Catch and Release: Unhooking a fish

Unhooking a Fish

If you’re practicing catch and release, try to remove the hook without exciting or harming the fish. The eyelet (small hole) of the hook is the best place to grab the hook. Back the hook out the same way it went in.

There are special tools designed for taking out hooks. But needle-nosed pliers work pretty well. If you need to, use a hook remover or pliers to flatten the barb. Depending on how the fish is hooked, you might be able to cut away a small amount of flesh to get the hook out.

Professionals sometimes flatten the barbs on their hooks before they start fishing to cause less harm to the fish they catch. In some areas, you can only fish with barbless hooks.

Making memories with your KIDS!

Being on the water provides an excellent opportunity to teach kids about their environment, and boating, fishing and safety skills. Try to incorporate these teachings into fun activities and gradually introduce your kids to new things as they are ready. For example, you might want to create a game that teaches nautical terminology such as port, starboard, stern, and bow. Once your kids master this terminology, help them learn how to safely drive the boat or cast a fishing line. Boating and fishing provide unlimited learning and memories that lasts a lifetime! And Goodtimes is glad to be apart of making those memories for you and your family.

How to avoid getting SEASICK

Seasickness is caused when the minute inner ear organs that enable a human to balance are disturbed by the motion of the boat swaying and pitching. This movement sets off alarm signals to the brain causing nausea, headache, dizziness, and sometimes vomiting.  This can be a person’s worst nightmare at sea.

Seasickness affects many people to varying degrees – even sailors with years of experience. Looking on the bright side, the body adapts after time.

Fortunately, several remedies can be taken before setting sail. Pills can be obtained over the counter which help most people by sedating the balancing organs. The pills can cause drowsiness and should be taken with care. Some people find special wrist bands effective. There are also stick-on patches that can be worn on the skin behind the ear, but these are obtained by doctor’s prescription only.
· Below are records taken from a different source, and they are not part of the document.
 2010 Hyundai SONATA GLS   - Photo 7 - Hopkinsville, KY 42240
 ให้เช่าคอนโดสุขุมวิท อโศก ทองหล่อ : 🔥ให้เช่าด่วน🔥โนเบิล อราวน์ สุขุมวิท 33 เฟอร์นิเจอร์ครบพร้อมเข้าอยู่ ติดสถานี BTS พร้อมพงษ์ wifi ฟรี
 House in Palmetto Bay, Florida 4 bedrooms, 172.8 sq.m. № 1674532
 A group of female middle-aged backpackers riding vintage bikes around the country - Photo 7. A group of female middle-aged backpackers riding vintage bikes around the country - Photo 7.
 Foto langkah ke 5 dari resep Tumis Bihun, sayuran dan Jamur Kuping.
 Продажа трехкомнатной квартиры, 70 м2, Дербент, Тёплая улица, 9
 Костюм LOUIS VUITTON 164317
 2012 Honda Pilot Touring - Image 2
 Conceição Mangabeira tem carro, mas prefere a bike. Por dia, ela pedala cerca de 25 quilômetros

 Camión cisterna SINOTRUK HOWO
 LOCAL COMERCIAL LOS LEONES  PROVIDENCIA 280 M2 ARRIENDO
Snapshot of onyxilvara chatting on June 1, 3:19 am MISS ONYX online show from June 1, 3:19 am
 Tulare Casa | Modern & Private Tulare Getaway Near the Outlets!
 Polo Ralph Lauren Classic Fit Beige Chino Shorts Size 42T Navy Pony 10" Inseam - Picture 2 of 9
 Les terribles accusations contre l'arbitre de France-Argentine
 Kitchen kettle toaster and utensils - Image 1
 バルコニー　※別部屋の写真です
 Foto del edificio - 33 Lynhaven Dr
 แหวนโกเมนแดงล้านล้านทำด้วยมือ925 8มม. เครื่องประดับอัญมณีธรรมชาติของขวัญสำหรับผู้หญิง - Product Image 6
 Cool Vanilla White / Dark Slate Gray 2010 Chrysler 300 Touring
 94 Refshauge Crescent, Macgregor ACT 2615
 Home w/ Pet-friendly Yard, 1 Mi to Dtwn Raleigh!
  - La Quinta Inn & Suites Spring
You can often avoid seasickness by staying busy and keeping your mind occupied by taking over the helm or any other activity that will keep you above decks. Look at the distant horizon rather than the water close at hand. Take deep breaths and drink plenty of water. The worst thing that a person can do is go below decks with no land or horizon to look at. Reading or staring at an object will assuredly bring on the affects of seasickness.

If you are seasick and can’t bear it anymore, lie down on your back with your eyes closed. This will greatly reduce the affects.

Bottom line – if your eyes see what your ears are feeling, you will certainly have a better chance of a great day sailing.